Colorado Secretary of State Jena Griswold (D) on Thursday took to social media to call on the media to not report any election results on the night of November 3rd.

Griswold wrote in a series of tweets:

Our democracy cannot be held hostage to a ratings race. If you care about our democracy, you will protect it. Full Stop. We are in the middle of a pandemic and the President of the United States has telegraphed that he may claim victory on election night, even when millions of ballots will not have been counted. Indisputable facts: 1. This is no normal election. A record number of Americans will be voting by mail. 2. Election “night” will be dramatically different than ever before.

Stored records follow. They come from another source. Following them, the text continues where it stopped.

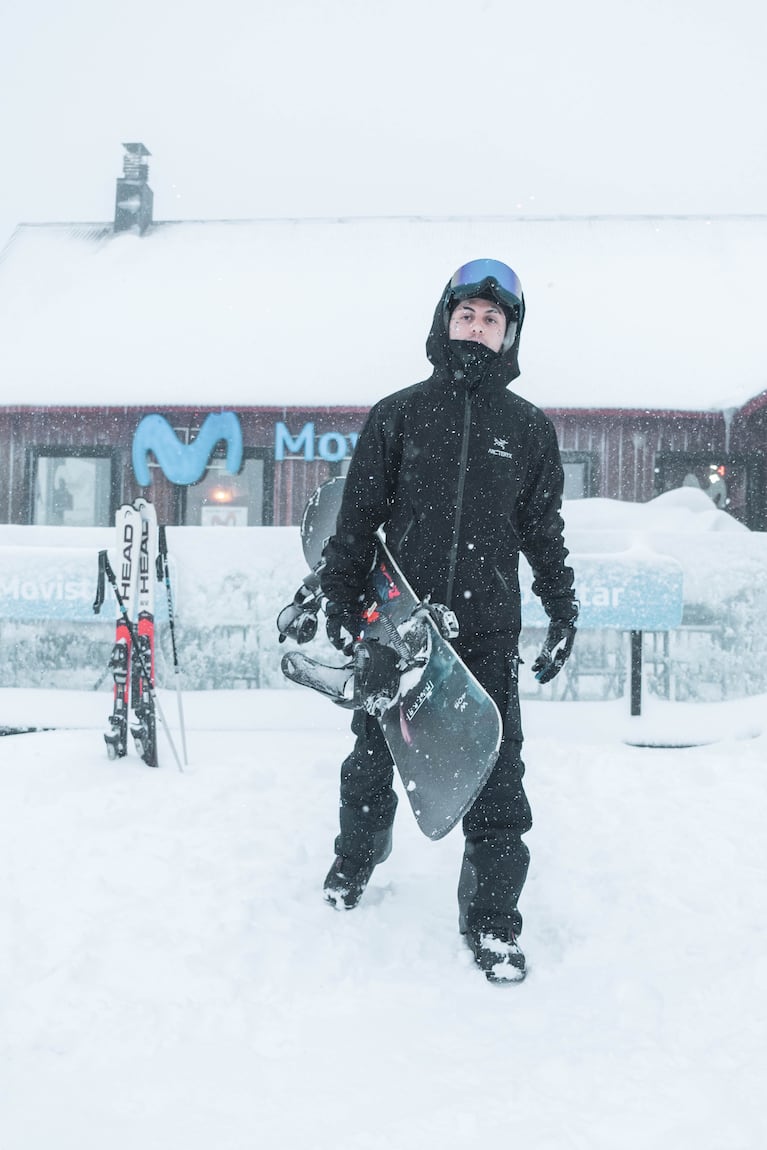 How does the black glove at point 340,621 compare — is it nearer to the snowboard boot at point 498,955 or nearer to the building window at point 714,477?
the snowboard boot at point 498,955

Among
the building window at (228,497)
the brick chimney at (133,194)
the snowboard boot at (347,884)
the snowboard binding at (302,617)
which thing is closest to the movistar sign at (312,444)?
the building window at (228,497)

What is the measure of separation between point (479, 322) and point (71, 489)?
11571 mm

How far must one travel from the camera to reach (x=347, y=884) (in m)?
2.91

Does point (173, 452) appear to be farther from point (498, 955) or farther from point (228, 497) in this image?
point (498, 955)

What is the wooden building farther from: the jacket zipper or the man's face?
the jacket zipper

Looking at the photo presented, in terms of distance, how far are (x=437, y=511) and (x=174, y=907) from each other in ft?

We need an UNPRECEDENTED plan from the media for how they will cover an unprecedented election. That is why I am calling on national media networks to pledge to #PressPause for democracy and: 1. Make NO projections on election night 2. Announce NO election results on election night. In the coming days, I will ask election administrators, voting rights organizations, media ethicists, corporations, religious leaders, and all concerned Americans to stand with me in demanding media executives #PressPause for democracy.

Griswold’s plea comes after the Democrat official made headlines when it was revealed that her office mailed postcards to non-citizens and dead people encouraging them to register to vote in order to cast ballots in the election. Griswold mailed the cards to a handful of individuals who are ineligible to vote, according to CBS4.

“Sounds really nice except my mother has been dead four years and she hasn’t lived, voted, owned property, worked, or done anything other than visit Colorado since 1967,” Karen Anderson told the local news outlet.

State officials defended the practice of mailing the cards to ineligible people, claiming a vast majority of recipients are allowed to vote.

“Yes, it’s true that occasionally it will go to a person that it shouldn’t go to, someone who’s already registered or somebody that’s below the age of 18, but the vast, vast majority go to the people who are eligible and then many of them follow-up and become registered voters and they get their ballot in the mail and can vote in our election,” Judd Choate, director the secretary of state’s elections division, said in a statement.

In August, Griswold lashed out at President Donald Trump over his repeated criticism of voting by mail due to potential election fraud.

“The president has shown a degree of disrespect to this country that is just un-American,” she said. “There is something that we should all be able to agree on and that is well-functioning elections.”